Todd works as valet at the Lafayette Hotel in the business district of New Orleans and has worked there for the past two years. Todd constantly wore a jovial expression, like he was about to tease us for studying too much, had an eagerness for life and the world everything it had to provide, called his sailboat and the water home, and didn’t stop spending his life the way did since he was 16 – traveling the world. When we left in the morning for seminar and returned home late at night from live jazz shows, we saw Todd and talked about our class, New Orleans nightlife and everything in between. He called Kianna “Cleveland” and called our group of bookpackers “studious.” He had an infectious laugh, had traveled nearly every continent except Asia and taught you can never be too old to be young at heart.
René was Sheriff René Thibodeaux in Pointe Coupée Parish and grew up in Morganza before moving to New Roads 10 minutes away. He went to school for baseball but followed in his father’s and grandfather’s footsteps in becoming sheriff. From the moment he stepped into his office, René was heart-warmingly welcoming and fatally charming. Welcoming us to New Roads favorite restaurant Ma Mama’s, planning for us a crawfish boil at the District Attorney Tony’s house, welcoming new ideas and improvements for the sheriff’s department, planning for us a ride out on the lake, René made New Roads feel like home. He called Kianna “Ohio” and winked his left eye and bit his tongue after making a joke. He wore authentic alligator leather boots and rested his hands on his formidable buckle when listening to our thoughts and ideas. He showed all of his teeth when he smiled and talked with a warm, Southern accent that could reassure anyone’s deepest worries. And, after our lunch of crawfish and freshly baked bread at Ma Mama’s, René brought us back to his office and, along with the slice of his life, René gave us all a slice of Morganza cake, a chocolate, caramel filled and frosted slice of his childhood.

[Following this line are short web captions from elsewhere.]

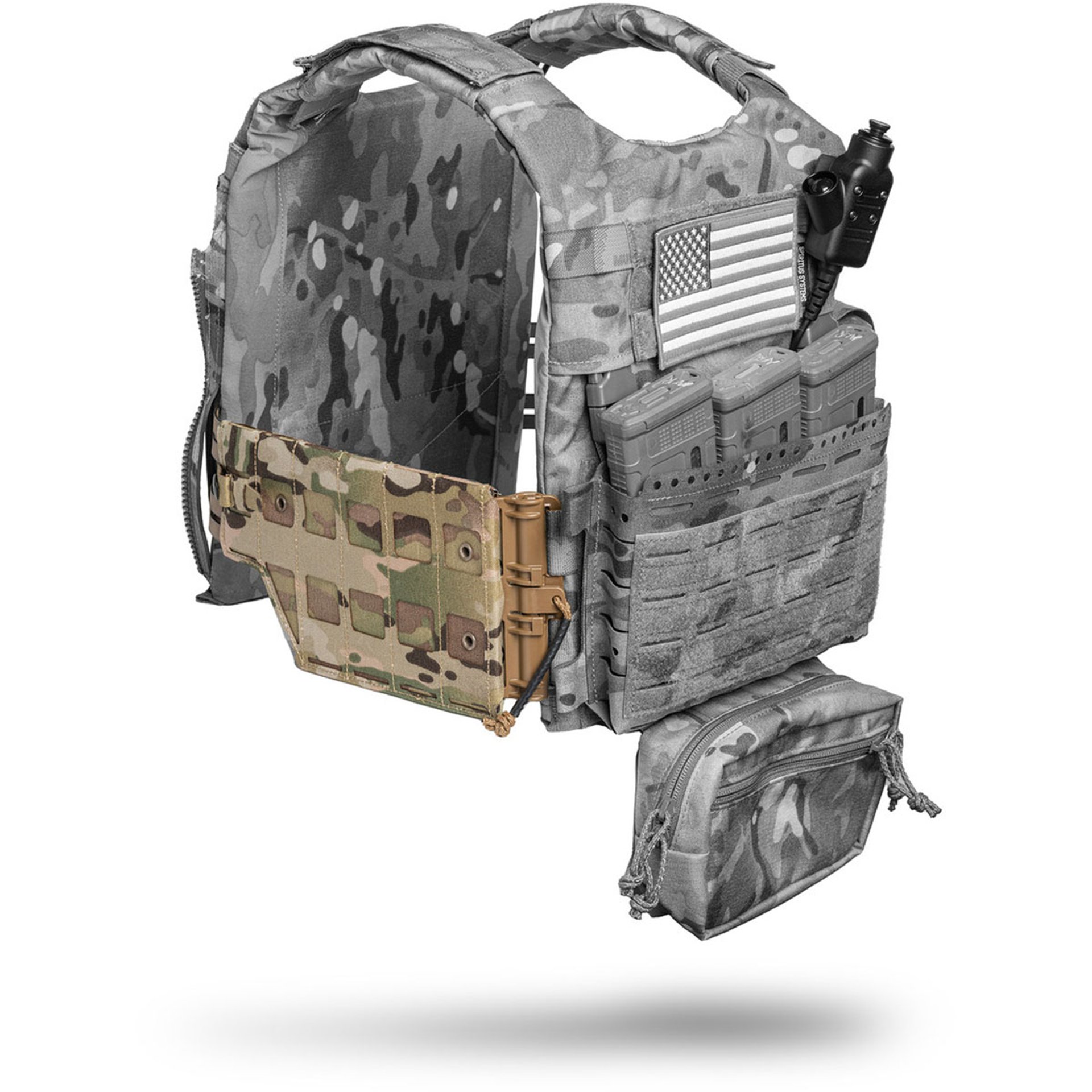 SPIRITUS SYSTEMS REACTIVE MOLLE TUBES™ CUMMERBUND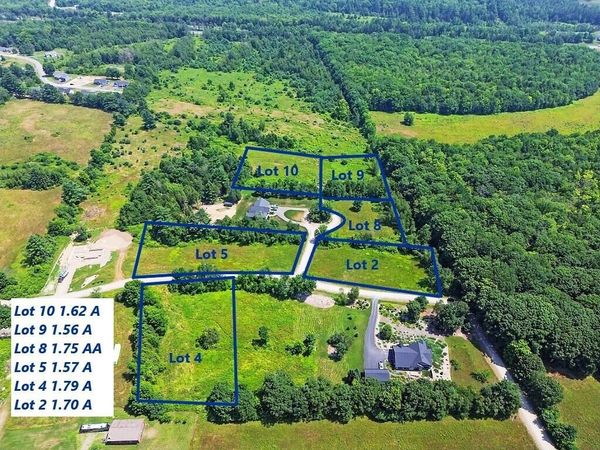 Lot 5 Oak Forest Drive , Oakland, ME 04963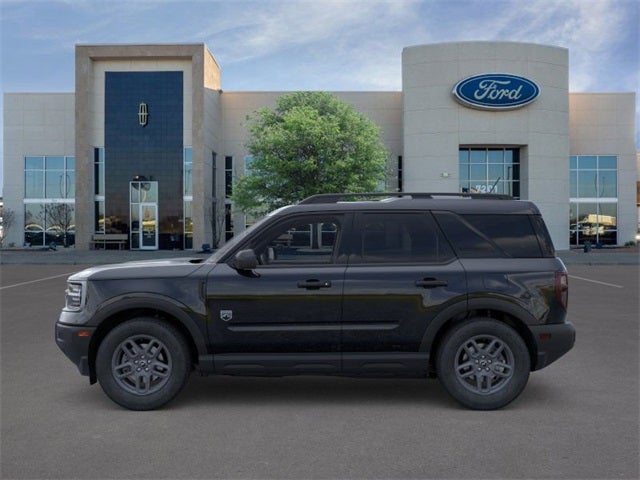 2025 Ford Bronco Sport Big Bend FCTP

Tom owned his own fiddle repair and maintenance shop in the farming town of Arnaudville, Louisiana. He fell in love with the fiddle in Cajun and bluegrass music and brought it upon himself to learn the instrument in adulthood. After living in Connecticut and running a repair shop in Maine, Tom moved down to Louisiana for the weather, the people and the music. He showed us throughout the shop and allowed us to touch his invaluable creations of fiddles he’s repaired and created. Tom is kind and gentle in nature, and is contagiously passionate about what he creates and the Cajun culture of Louisiana. He patiently and thoroughly shared his passion in spite of our incessant questions. Tom shared his love by allowing us to sit in and listen to the JAMbalaya jam session gathering musicians all the way from Baton Rouge together for their love of Louisiana bluegrass. He gifted me the writing of a local author and the literature of Cajun music, and I felt as though he’d given part of his heart to share.

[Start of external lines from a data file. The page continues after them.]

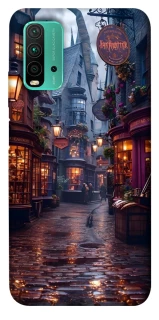 Чехол на Xiaomi Redmi Note 9 4G / Redmi 9 Power Harry Potter v11 фото 1 из 1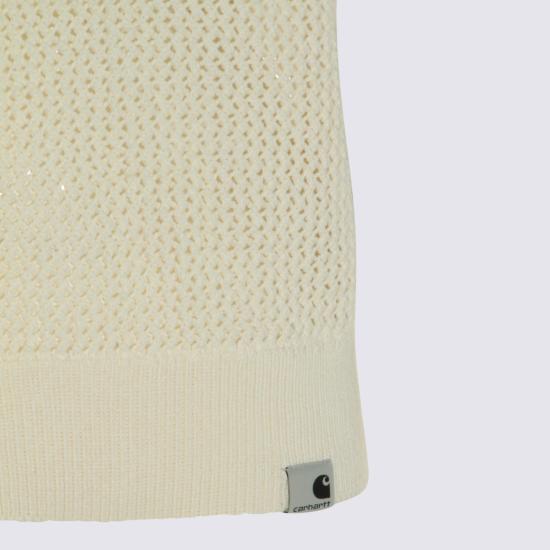 26FW 칼하트 WIP 스웨터 I036852 D6XX WAX - CARHARTT WIP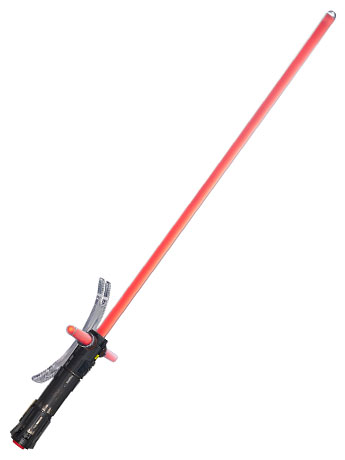 Star Wars: The Black Series Kylo Ren (The Force Awakens) Force FX Deluxe Lightsaber Gallery Image 2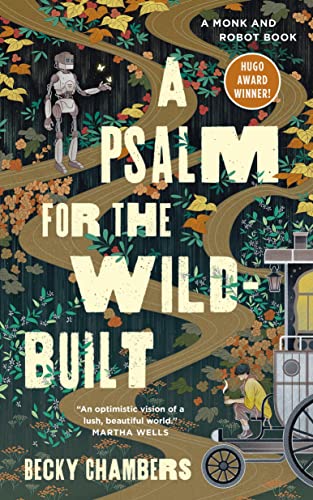 دانلود کتاب A Psalm for the Wild-Built (Monk & Robot Book 1)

All of the existential worries and crises that I thought couldn’t be solved until I was back home had been solved in rural Louisiana, in humid farmland I had experienced for the first time 1,500 miles away. I believed “homesick” was strictly exclusive to the physical location of where someone was born or was raised in, but I’d grown homesick for the small towns and for the people I had only known for mere days. Maybe it was the authenticity of Southern hospitality or the tight knit nature of small towns or the simplicity and genuineness that was palpable in the people we met and in their belief of treating everyone with kindness that allowed me, for the first time, to perfectly envision what life was meant to be. It wasn’t until Todd, René, Tom and all of the people I’d met through our books that I knew what I’d been missing: community.